*AIM OF THE EXERCISE:* Output only the lines below from the one holding "Dolce & Gabbana" down to the one holding "Vintage Rococo Style", both end lines included and every picture dropped.

*RECORD EXCERPTS:*

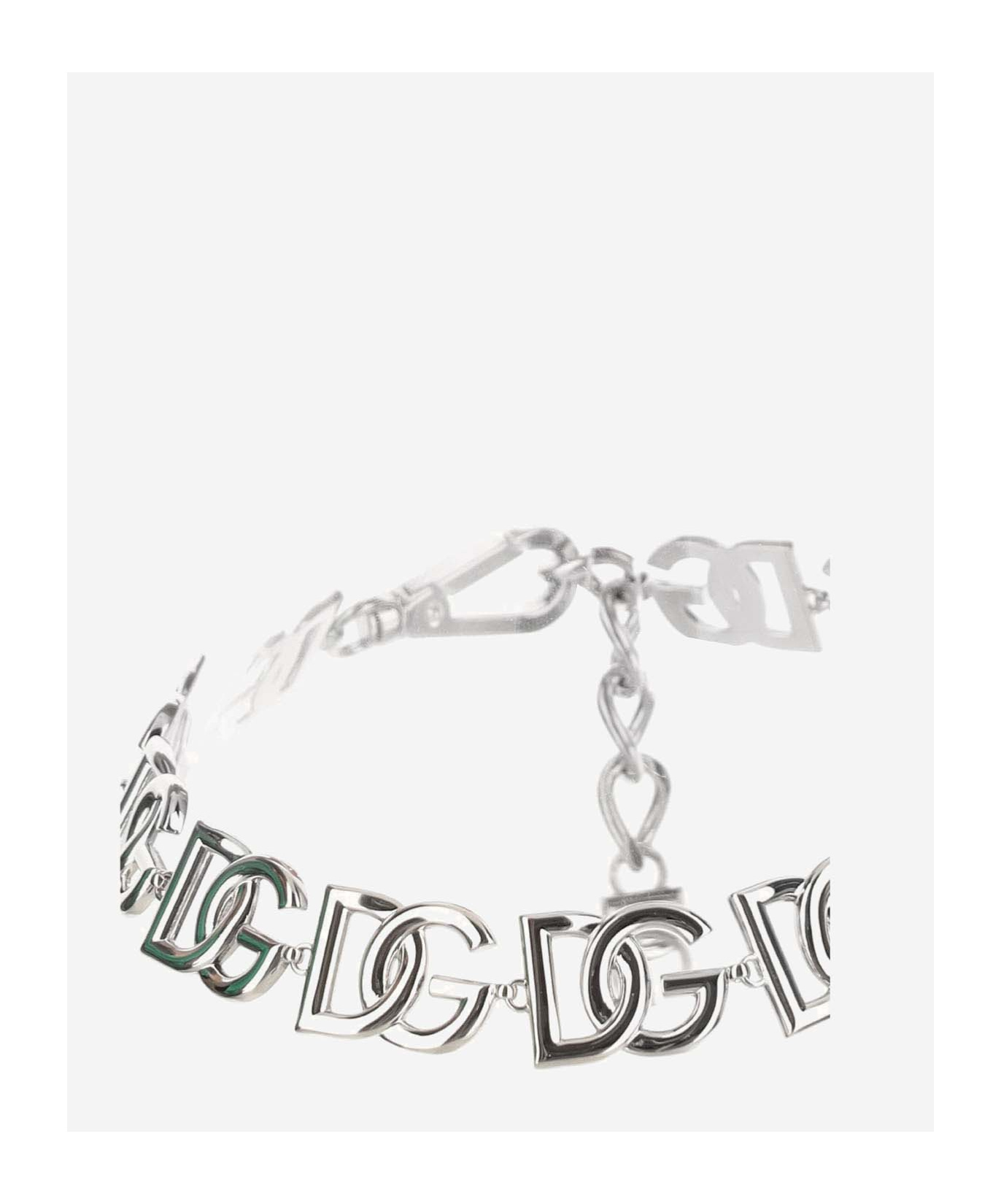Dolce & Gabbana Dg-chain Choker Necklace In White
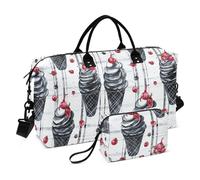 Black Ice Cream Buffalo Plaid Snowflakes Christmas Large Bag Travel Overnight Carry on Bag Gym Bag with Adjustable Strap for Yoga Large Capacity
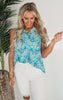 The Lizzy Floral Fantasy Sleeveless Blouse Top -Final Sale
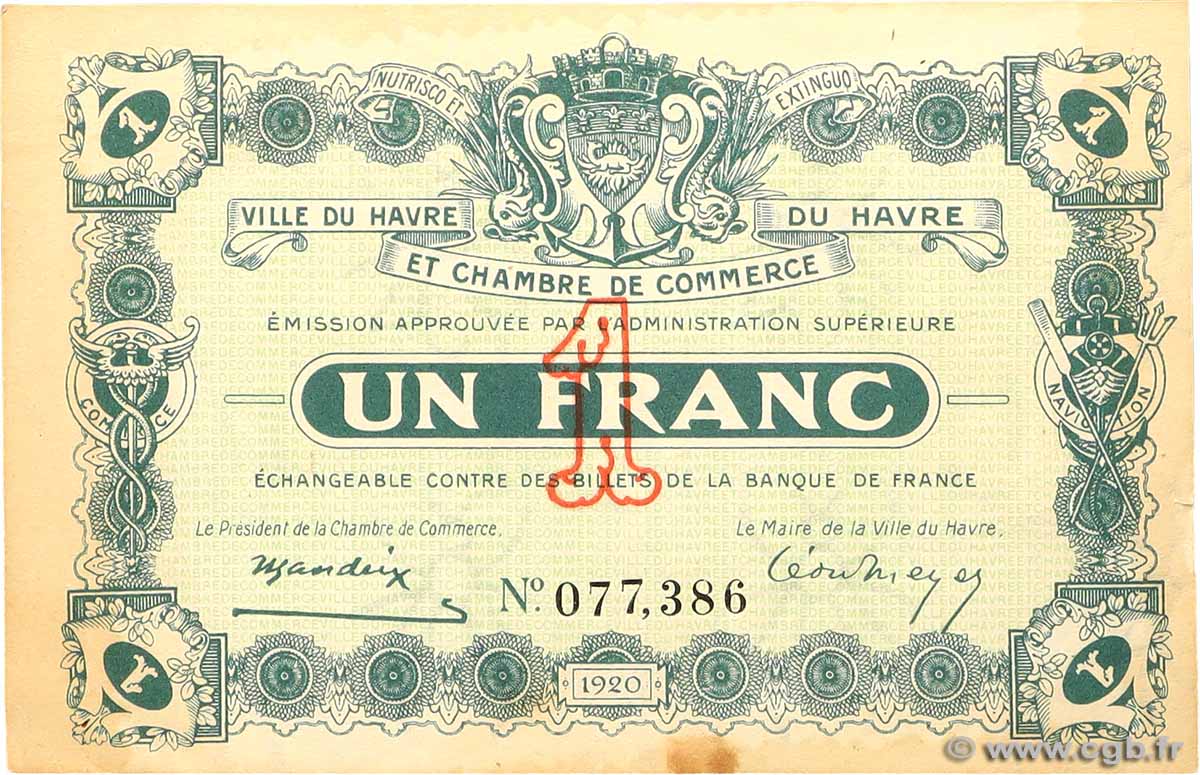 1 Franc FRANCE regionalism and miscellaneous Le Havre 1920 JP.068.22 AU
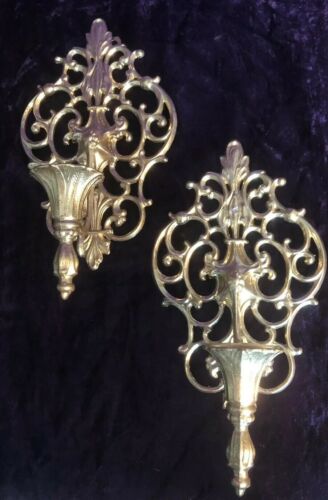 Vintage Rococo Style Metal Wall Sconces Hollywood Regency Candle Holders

* * *

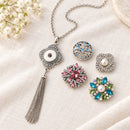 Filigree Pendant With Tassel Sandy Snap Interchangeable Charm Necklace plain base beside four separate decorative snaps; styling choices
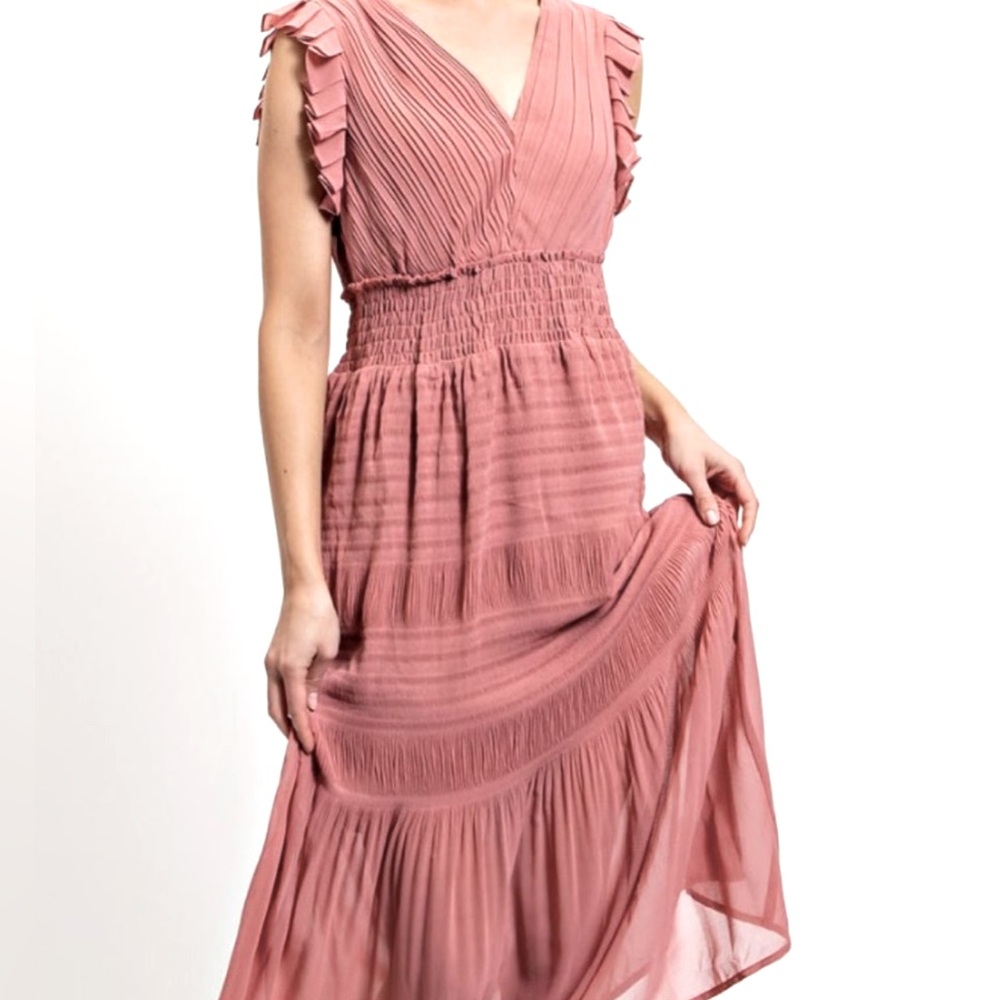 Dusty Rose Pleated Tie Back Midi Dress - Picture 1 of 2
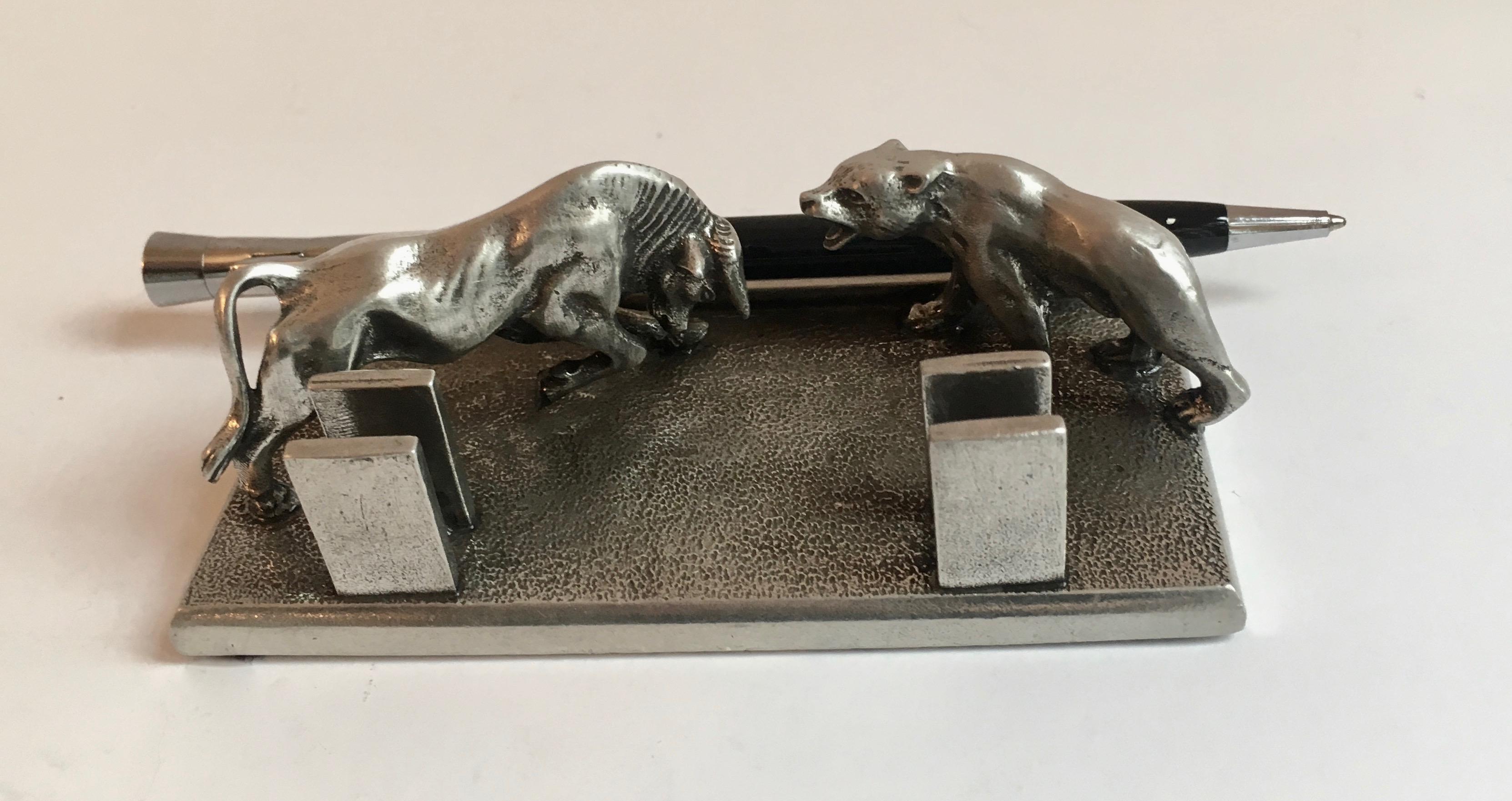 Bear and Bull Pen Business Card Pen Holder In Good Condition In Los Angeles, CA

*TASK OUTPUT:*
Dolce & Gabbana Dg-chain Choker Necklace In White
 Black Ice Cream Buffalo Plaid Snowflakes Christmas Large Bag Travel Overnight Carry on Bag Gym Bag with Adjustable Strap for Yoga Large Capacity
 The Lizzy Floral Fantasy Sleeveless Blouse Top -Final Sale
 1 Franc FRANCE regionalism and miscellaneous Le Havre 1920 JP.068.22 AU
 Vintage Rococo Style Metal Wall Sconces Hollywood Regency Candle Holders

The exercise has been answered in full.